## Assignment
Every single entry that follows is to be retyped exactly.

## Material for this task

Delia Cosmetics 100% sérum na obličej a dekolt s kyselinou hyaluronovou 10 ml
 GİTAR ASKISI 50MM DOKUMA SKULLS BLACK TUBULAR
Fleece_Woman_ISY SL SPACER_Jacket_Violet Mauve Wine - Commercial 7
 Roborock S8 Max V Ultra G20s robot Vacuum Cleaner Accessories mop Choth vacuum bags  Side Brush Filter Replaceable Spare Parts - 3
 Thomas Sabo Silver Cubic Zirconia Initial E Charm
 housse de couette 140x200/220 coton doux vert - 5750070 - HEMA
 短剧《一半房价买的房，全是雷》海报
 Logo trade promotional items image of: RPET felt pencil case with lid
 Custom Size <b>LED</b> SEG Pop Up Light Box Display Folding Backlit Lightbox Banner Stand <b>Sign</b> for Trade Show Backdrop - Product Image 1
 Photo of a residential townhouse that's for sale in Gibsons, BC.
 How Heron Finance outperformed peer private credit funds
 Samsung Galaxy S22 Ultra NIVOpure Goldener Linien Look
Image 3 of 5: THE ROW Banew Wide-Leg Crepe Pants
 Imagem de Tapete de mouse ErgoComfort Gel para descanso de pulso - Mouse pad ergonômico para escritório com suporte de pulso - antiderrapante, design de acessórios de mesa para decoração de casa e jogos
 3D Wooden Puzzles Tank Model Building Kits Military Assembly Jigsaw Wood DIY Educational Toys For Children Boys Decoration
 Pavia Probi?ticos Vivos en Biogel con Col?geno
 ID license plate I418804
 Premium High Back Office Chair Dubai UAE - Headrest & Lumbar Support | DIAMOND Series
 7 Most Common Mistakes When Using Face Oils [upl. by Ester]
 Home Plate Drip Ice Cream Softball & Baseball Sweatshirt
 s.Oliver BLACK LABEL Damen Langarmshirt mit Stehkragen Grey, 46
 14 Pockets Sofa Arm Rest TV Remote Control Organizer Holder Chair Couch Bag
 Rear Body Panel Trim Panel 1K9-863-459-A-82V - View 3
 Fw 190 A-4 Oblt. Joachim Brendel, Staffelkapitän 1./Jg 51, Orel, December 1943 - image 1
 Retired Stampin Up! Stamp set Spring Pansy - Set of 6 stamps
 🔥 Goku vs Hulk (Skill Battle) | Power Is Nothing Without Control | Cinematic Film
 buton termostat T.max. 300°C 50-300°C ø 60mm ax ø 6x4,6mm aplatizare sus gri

## Exercise output
Delia Cosmetics 100% sérum na obličej a dekolt s kyselinou hyaluronovou 10 ml
 GİTAR ASKISI 50MM DOKUMA SKULLS BLACK TUBULAR
Fleece_Woman_ISY SL SPACER_Jacket_Violet Mauve Wine - Commercial 7
 Roborock S8 Max V Ultra G20s robot Vacuum Cleaner Accessories mop Choth vacuum bags  Side Brush Filter Replaceable Spare Parts - 3
 Thomas Sabo Silver Cubic Zirconia Initial E Charm
 housse de couette 140x200/220 coton doux vert - 5750070 - HEMA
 短剧《一半房价买的房，全是雷》海报
 Logo trade promotional items image of: RPET felt pencil case with lid
 Custom Size <b>LED</b> SEG Pop Up Light Box Display Folding Backlit Lightbox Banner Stand <b>Sign</b> for Trade Show Backdrop - Product Image 1
 Photo of a residential townhouse that's for sale in Gibsons, BC.
 How Heron Finance outperformed peer private credit funds
 Samsung Galaxy S22 Ultra NIVOpure Goldener Linien Look
Image 3 of 5: THE ROW Banew Wide-Leg Crepe Pants
 Imagem de Tapete de mouse ErgoComfort Gel para descanso de pulso - Mouse pad ergonômico para escritório com suporte de pulso - antiderrapante, design de acessórios de mesa para decoração de casa e jogos
 3D Wooden Puzzles Tank Model Building Kits Military Assembly Jigsaw Wood DIY Educational Toys For Children Boys Decoration
 Pavia Probi?ticos Vivos en Biogel con Col?geno
 ID license plate I418804
 Premium High Back Office Chair Dubai UAE - Headrest & Lumbar Support | DIAMOND Series
 7 Most Common Mistakes When Using Face Oils [upl. by Ester]
 Home Plate Drip Ice Cream Softball & Baseball Sweatshirt
 s.Oliver BLACK LABEL Damen Langarmshirt mit Stehkragen Grey, 46
 14 Pockets Sofa Arm Rest TV Remote Control Organizer Holder Chair Couch Bag
 Rear Body Panel Trim Panel 1K9-863-459-A-82V - View 3
 Fw 190 A-4 Oblt. Joachim Brendel, Staffelkapitän 1./Jg 51, Orel, December 1943 - image 1
 Retired Stampin Up! Stamp set Spring Pansy - Set of 6 stamps
 🔥 Goku vs Hulk (Skill Battle) | Power Is Nothing Without Control | Cinematic Film
 buton termostat T.max. 300°C 50-300°C ø 60mm ax ø 6x4,6mm aplatizare sus gri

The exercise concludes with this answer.